François Godbout
- Country (sports): Canada
- Born: April 10, 1938 (age 87) Waterloo, Quebec, Canada
- Plays: Left-handed

Singles
- Career record: 69-84
- Career titles: 2

Grand Slam singles results
- Wimbledon: 2R (1964)
- US Open: 3R (1961)

= François Godbout =

Canadian lawyer and judge (born 1938)

Hon.

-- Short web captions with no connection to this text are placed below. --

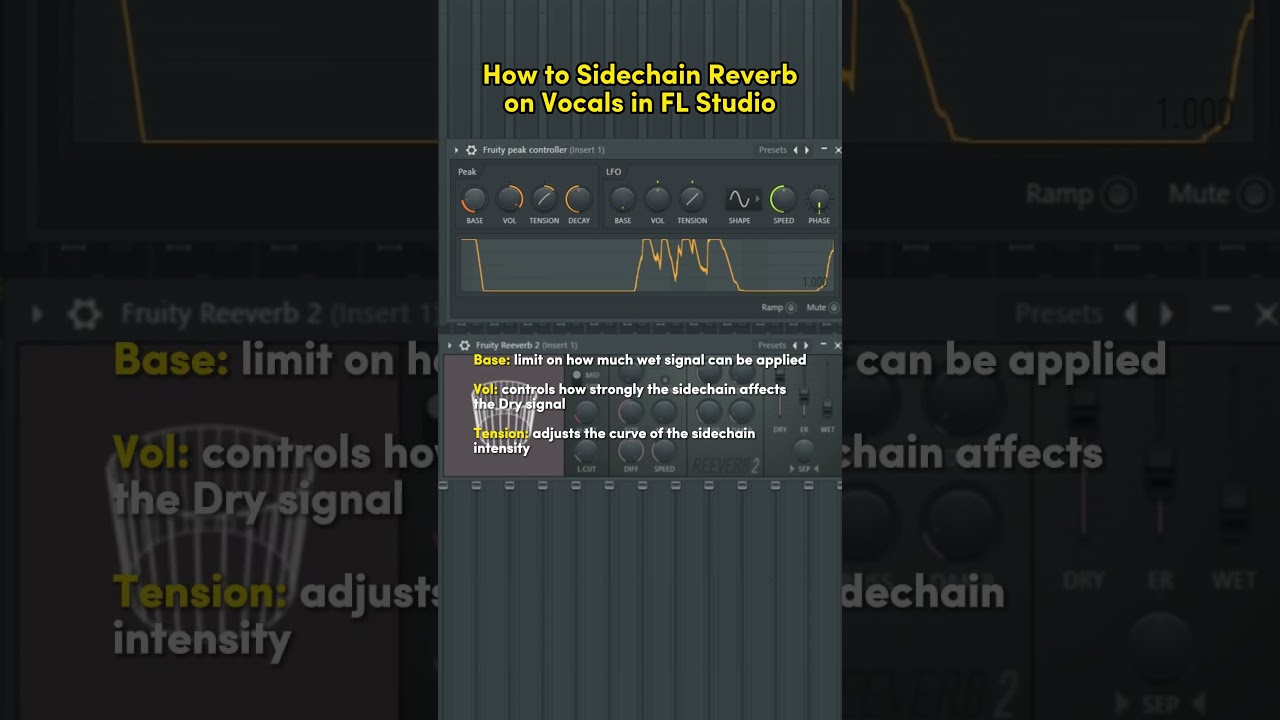 How to Sidechain Reverb on Vocals in FL Studio
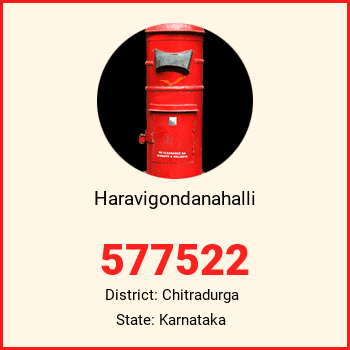 Haravigondanahalli pin code, district Chitradurga in Karnataka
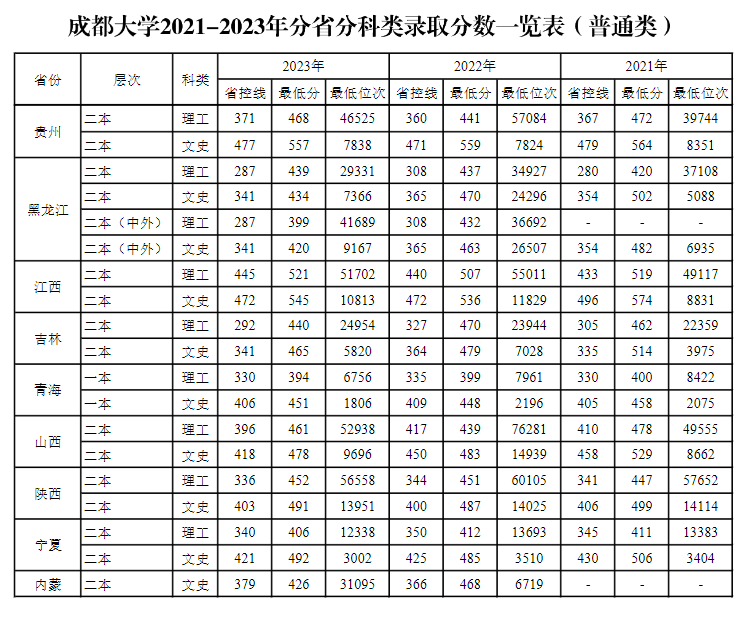 2024成都大学录取分数线(含2022-2023历年) 2024成都大学录取分数线(含2022-2023历年)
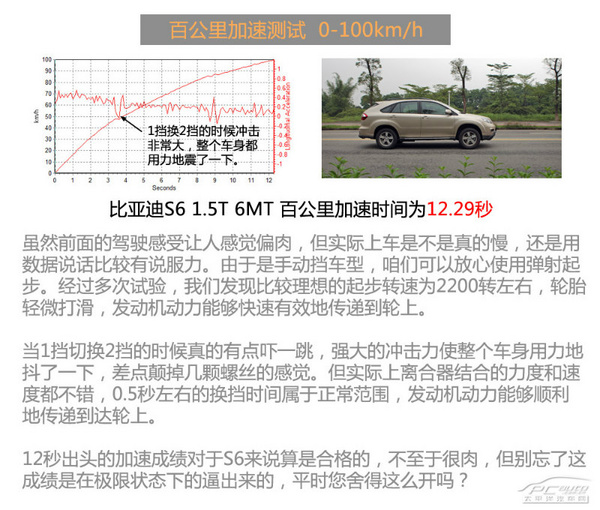 不可否認的性價比 測試比亞迪S6 1.5T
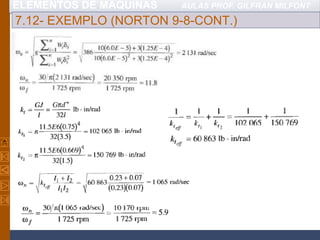ELEMENTOS DE MÁQUINAS AULAS PROF. GILFRAN MILFONT
7.12- EXEMPLO (NORTON 9-8-CONT.)
 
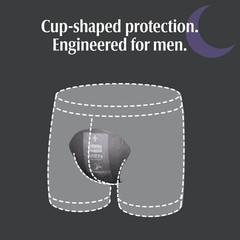 Depend Guards Incontinence Pads for Men, Overnight Absorbency, 84 Count, Packagi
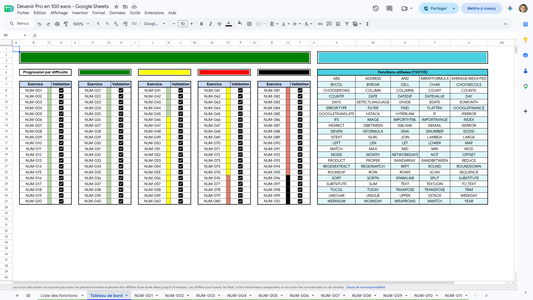 100 exercices pour maîtriser Google Sheets !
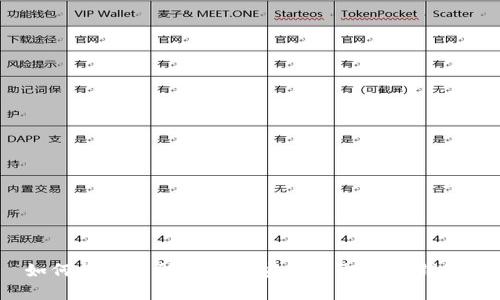 如何将交易所的资金安全提取到TP钱包？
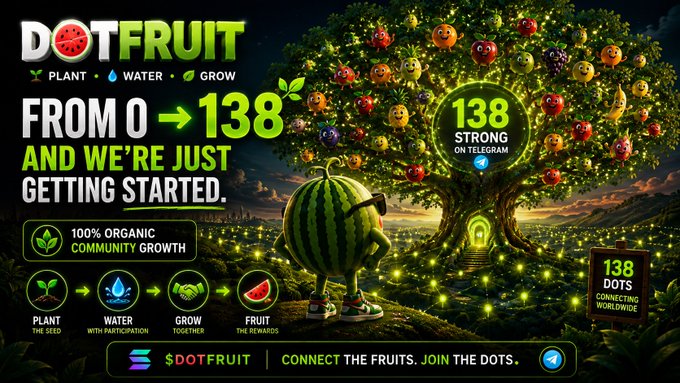 A promotional graphic for "DOTFRUIT" on Telegram, featuring a watermelon character and a tree of fruits, with text highlighting growth from 0 to 138, labeled as "100% ORGANIC COMMUNITY GROWTH" and "138 STRONG ON TELEGRAM".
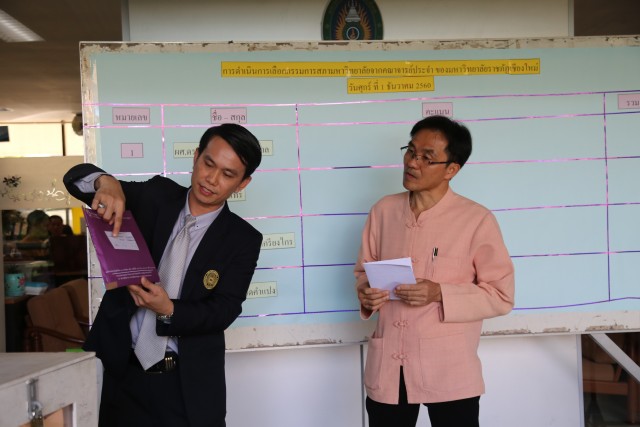 เผยผลการเลือกตั้งกรรมการสภามหาวิทยาลัยจากคณาจารย์ประจำ  มหาวิทยาลัยราชภัฏเชียงใหม่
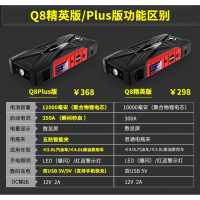 纽曼(Newsmy) Q8汽车载电瓶应急启动电源12V多功 【新品①】Q8plus高配版+10件套（350A强启新手汽修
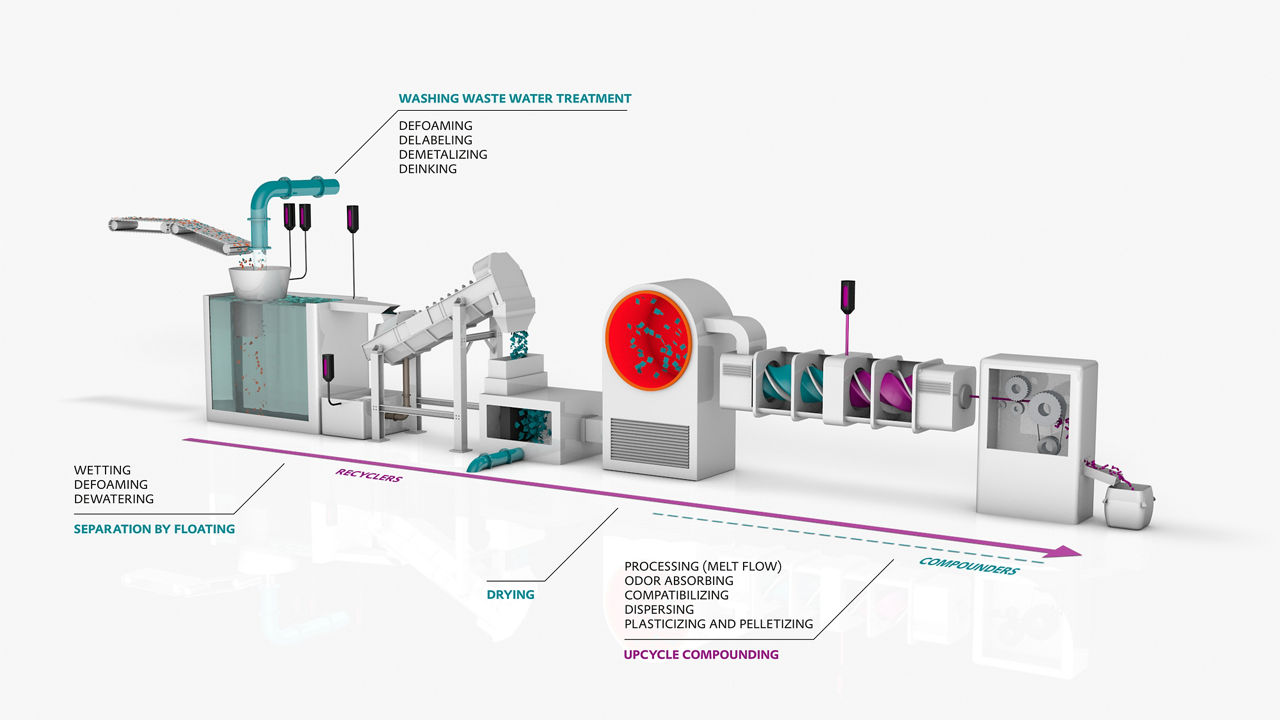 Unlocking efficiency and sustainability: Mechanical recycling reduces plastic waste and energy usage while lowering greenhouse emissions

François Godbout (born April 10, 1938) is a Canadian lawyer, judge, sports administrator and former tennis player.

A native of Waterloo, Quebec, Godbout made his debut for the Canada Davis Cup team in 1959 and came up against Rod Laver in his first rubber, losing in four sets.

Godbout won the Quebec Indoor championship in 1960, including a win against Henri Rochon.

He had a win over Arthur Ashe in his run to the third round of the 1961 U.S. National Championships, which was his best grand slam performance.

At the U.S. Clay Courts championships in 1962, he won against Dennis Ralston in the first round, but lost the second round match to Chuck McKinley, the eventual champion.

In March 1964, Godbout defeated Lester Sack in the semifinal of the Nice International Winter Championships, but the result of the projected final against Nicholas Kalogeropoulos was not reported.

After finishing his career he moved into tennis administration, serving stints as President of the Quebec Tennis Federation (1969 to 1971) and Tennis Canada (1985 to 1987). He was a 1994 inductee into Quebec Sports Hall of Fame.